After spending his first year in office pressing relentlessly—but unsuccessfully—for the restoration of statehood, he is now invoking the year’s security setbacks to argue that the Union Territory (UT) governance model has “completely failed” Kashmir’s needs.
His remarks at the Hindustan Times Leadership Summit 2025 indicate a deliberate shift: if political persuasion has not worked, framing statehood as a security necessity might.
Speaking in New Delhi, Omar said plainly that the UT structure “is not suitable for Jammu and Kashmir,” insisting that governance and security “cannot operate in silos.” Pointing to a series of high-impact attacks this year—the April Baisaran strike in Pahalgam to the November 10 car blast at Delhi’s Red Fort allegedly linked to a conspiracy hatched in J&K—he described 2025 as “a difficult one from the security paradigm.”
He did not connect these attacks operationally, but referred to them collectively to underline his core argument: an elected government cannot be distanced from security decisions.
“You cannot have an elected government that is completely removed from security-related decisions,” he said, arguing that the UT model has weakened coordination between civilian officials and security agencies.
This marks a shift from Omar’s earlier rhetoric. Soon after taking office in 2024, he asserted that restoring statehood would “resolve most of J&K’s problems.” Even a year later, he continued to express confidence.

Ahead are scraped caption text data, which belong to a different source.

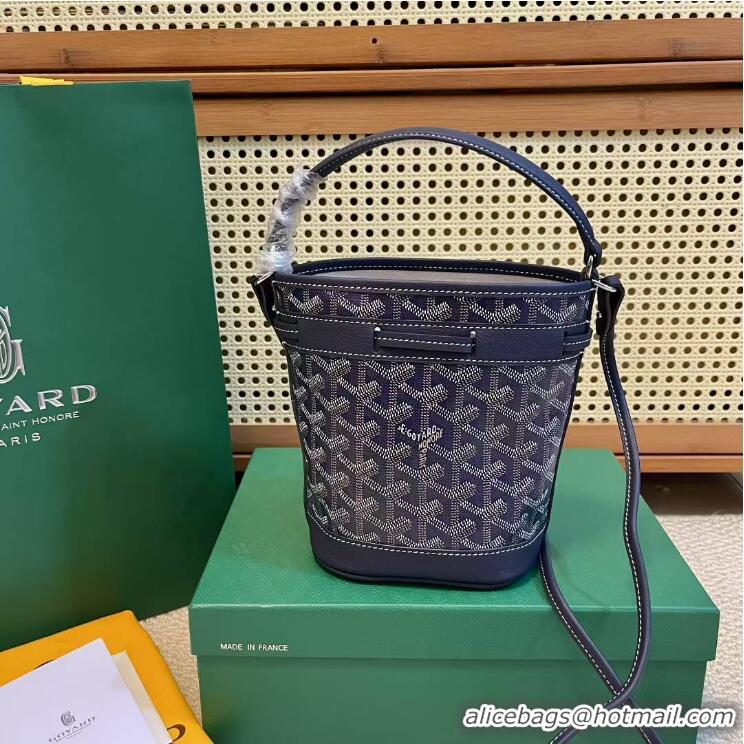 Well Crafted Goyard Original Petit Flot Mini Bucket Bag G8716 Navy Blue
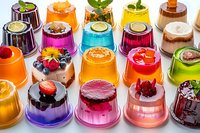 Colorful assortment of jelly desserts with fresh fruit toppings and mint garnish arranged in transparent cups on white surface.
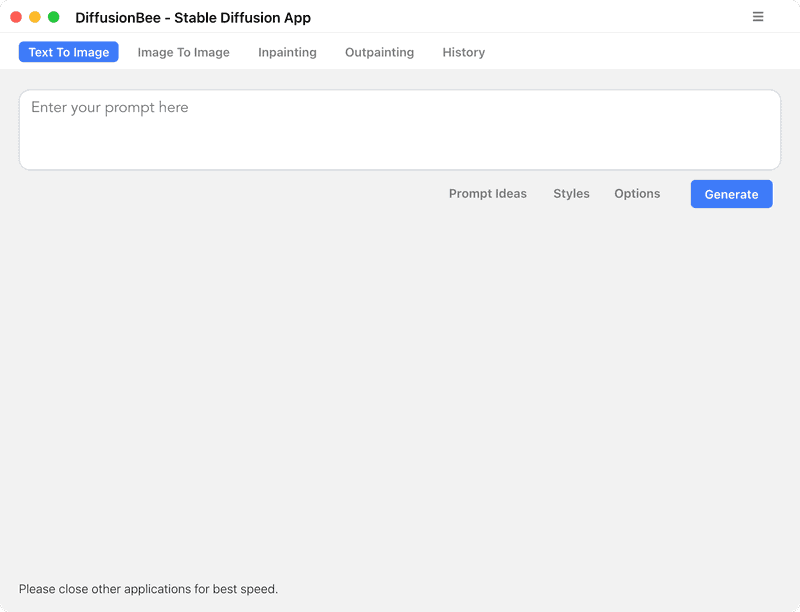 メイン画面の［Text To Image］タブの入力欄にプロンプトを入力します。現状は日本語に対応していないので、英語でテキスト入力して［Generate］ボタンをクリックします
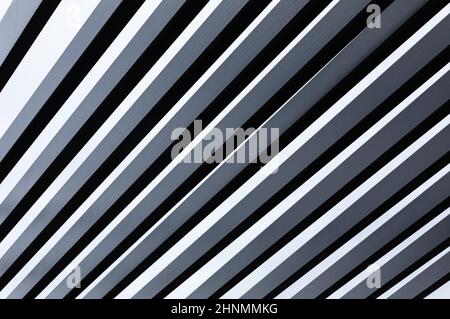 Abstract lines in black and whit. Light and shadows lines. Black and white photo of architectural lines, diagonal, mockup. Nobody, selective focus. Stock Photo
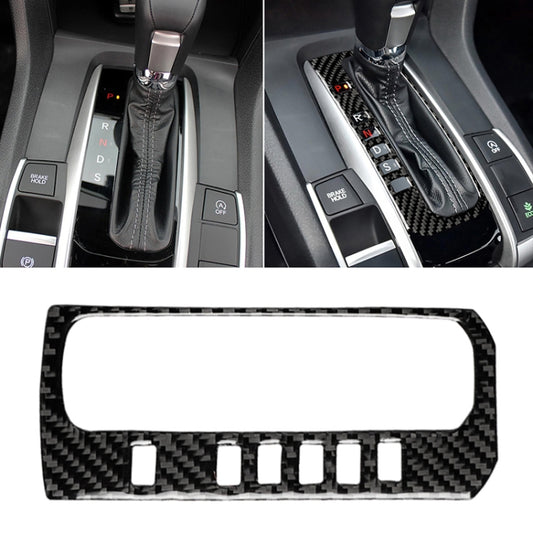 Car Carbon Fiber Gear Position Button Frame Decorative Sticker for Honda Tenth Generation Civic 2016-2019, Left Drive, Gear Position Button Frame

But on October 28, 2025, for the first time since assuming office, he acknowledged that his optimism about New Delhi’s intent was fading. With the Centre refusing to commit to timelines, his tone has hardened—and widened to include a critique of the UT’s institutional shortcomings.
Political analyst Prof. Gul Mohammad Wani sees Omar’s shift as calculated rather than reactive. “By foregrounding security lapses, Omar Abdullah is trying to convert a political demand into a national-security argument,” Wani told DH.
“He (Omar) is telling New Delhi that stability in Kashmir cannot be ensured through bureaucratic centralisation. The real issue he is flagging is the need for political accountability in security management,” he added.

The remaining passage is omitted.